Em segundo lugar, a separação da questão nacional da questão de classe, tal como é aplicada pelas forças de resistência burguesas, significa um enfraquecimento da luta de libertação nacional. Só os comunistas são capazes de ligar de forma consistente a luta diária das massas por pão, habitação e condições de vida humanas com a luta contra a ocupação e o apartheid. Só eles podem realmente aproveitar todas as energias e todas as reservas de luta do povo e mobilizá-lo para a luta pela libertação.
Em terceiro lugar, só uma estratégia destinada a organizar a luta de classes também oferece a perspectiva de apelar aos interesses de classe do proletariado do outro lado da fronteira. A este respeito, o domínio do Hamas no movimento de libertação palestiniano é na verdade favorável do ponto de vista dos sionistas, pelo menos em comparação com um cenário em que as forças revolucionárias liderariam realmente o movimento de libertação.
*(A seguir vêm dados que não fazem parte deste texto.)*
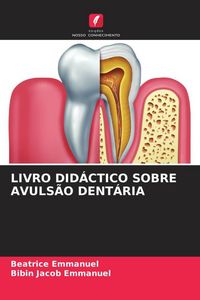 Produktbild: Livro Did&aacute;ctico Sobre Avuls&atilde;o Dent&aacute;ria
Para os comunistas, contudo, o domínio das forças conservadoras islâmicas no movimento de libertação é definitivamente um problema pelas razões mencionadas. A sua influência deve ser combatida e os comunistas devem também (e acima de tudo) assumir a liderança nesta luta.
Mas como é possível chegar a este ponto? Para fazer isso, devemos primeiro tomar consciência de como o Hamas conseguiu tornar-se o líder quase indiscutível da resistência palestiniana. As razões para isto são diferentes: por um lado, o fracasso, e mesmo a traição, das forças seculares na forma da OLP, que assinou o chamado “acordo de paz de Oslo”. Em Oslo, a OLP reconheceu Israel, mas sem receber uma garantia clara de um Estado palestiniano. Pelo contrário, a ocupação da Cisjordânia foi codificada pela divisão do país em três zonas, a maioria das quais estavam sob controlo exclusivo de Israel ou sob administração conjunta de Israel e da Autoridade Palestiniana (AP). A recém-fundada AP foi, portanto, tudo menos um passo no sentido da libertação da Palestina – pelo contrário, é um instrumento utilizado por Israel para manter a ocupação da Cisjordânia e suprimir a resistência palestiniana com uma espécie de força policial auxiliar palestiniana. Aos olhos de muitos palestinianos, o Tratado de Oslo foi uma rendição unilateral a Israel. O Hamas conseguiu distinguir-se como uma força de resistência consistente que rejeitou Oslo e a subjugação a Israel. Beneficiou do facto de o Estado israelita não o ter incomodado ou apoiado durante anos, a fim de enfraquecer o principal inimigo de Israel na altura, a OLP, através do aumento da concorrência intra-palestiniana 16 . O facto de o Hamas ter uma influência duradoura sobre as massas palestinianas em Gaza deve-se certamente menos ao seu objectivo programático de estabelecer um Estado islâmico do que ao seu verdadeiro papel de liderança na resistência armada. Para negar esta liderança ao Hamas, os comunistas não têm outra forma senão estar na vanguarda da resistência contra a ocupação. Este caminho não funciona através de críticas externas, mas apenas através da luta dentro do movimento de resistência, pelo que se deve ter cuidado para que a competição objectiva entre diferentes forças dentro do movimento de resistência não enfraqueça a resistência como um todo e, portanto, beneficie apenas as forças da ocupação. Se fosse esse o caso, desacreditaria o programa comunista aos olhos do povo.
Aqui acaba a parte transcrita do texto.